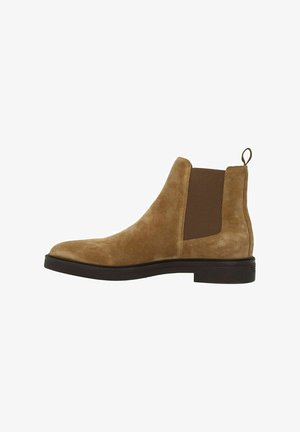 Brown suede Chelsea boot with elastic side panels, rounded toe, and a pull tab at the back. Flat rubber sole with a textured surface.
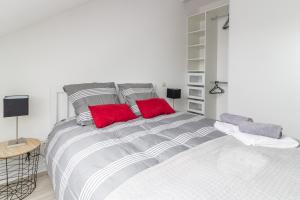 מיטה או מיטות בחדר ב-Gîte Club House 2 & 3 Gîte CARQUEFOU Centre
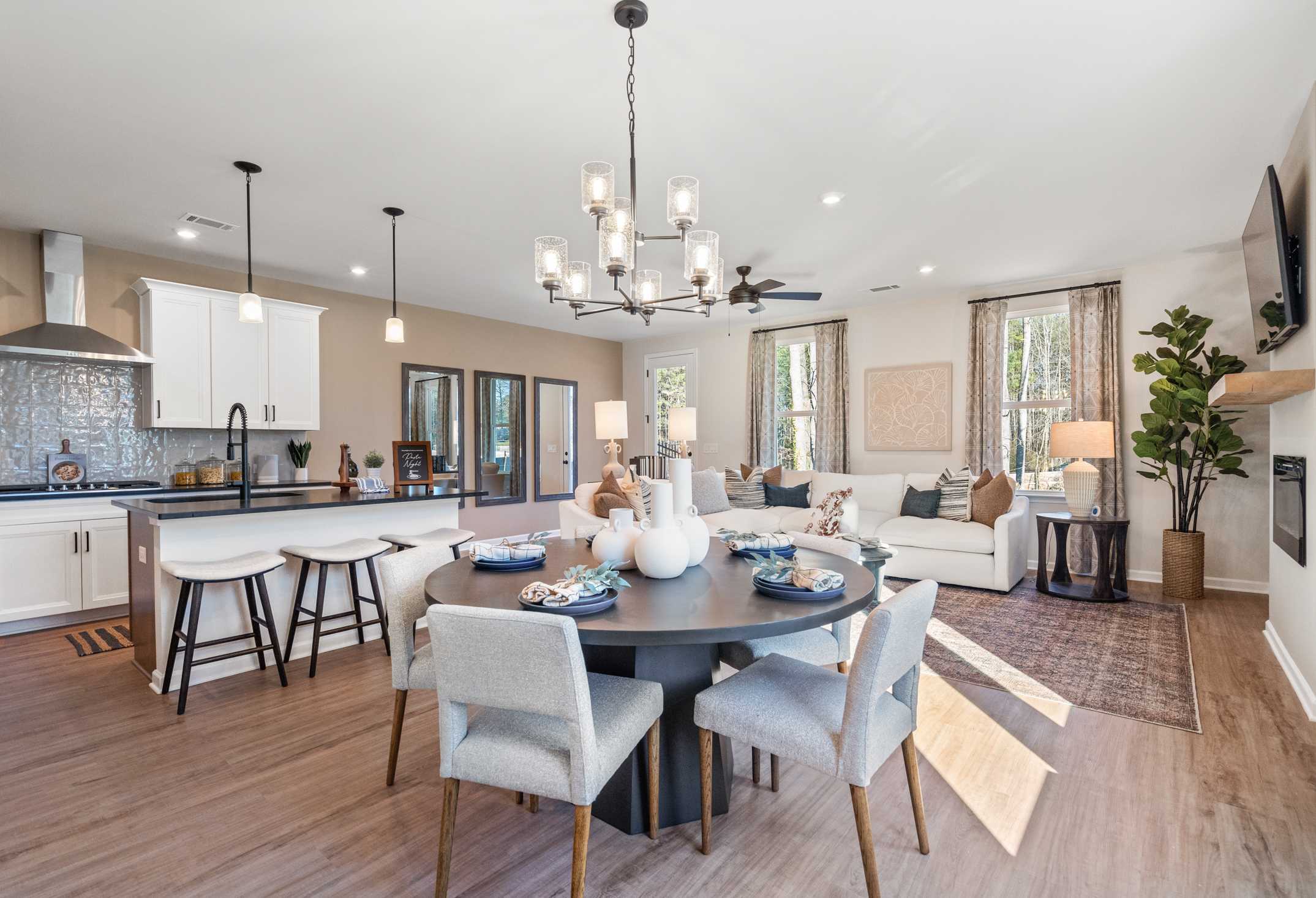 Open-concept kitchen and dining in The Marion A home, white cabinetry, subway tile backsplash, round table, bar stools, adjacent living area with fireplace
|---|
• _Requirement_: From the first line to the last, output the data exactly, without the pictures.

• _Output for this task_:
 Brown suede Chelsea boot with elastic side panels, rounded toe, and a pull tab at the back. Flat rubber sole with a textured surface.
 מיטה או מיטות בחדר ב-Gîte Club House 2 & 3 Gîte CARQUEFOU Centre
 Open-concept kitchen and dining in The Marion A home, white cabinetry, subway tile backsplash, round table, bar stools, adjacent living area with fireplace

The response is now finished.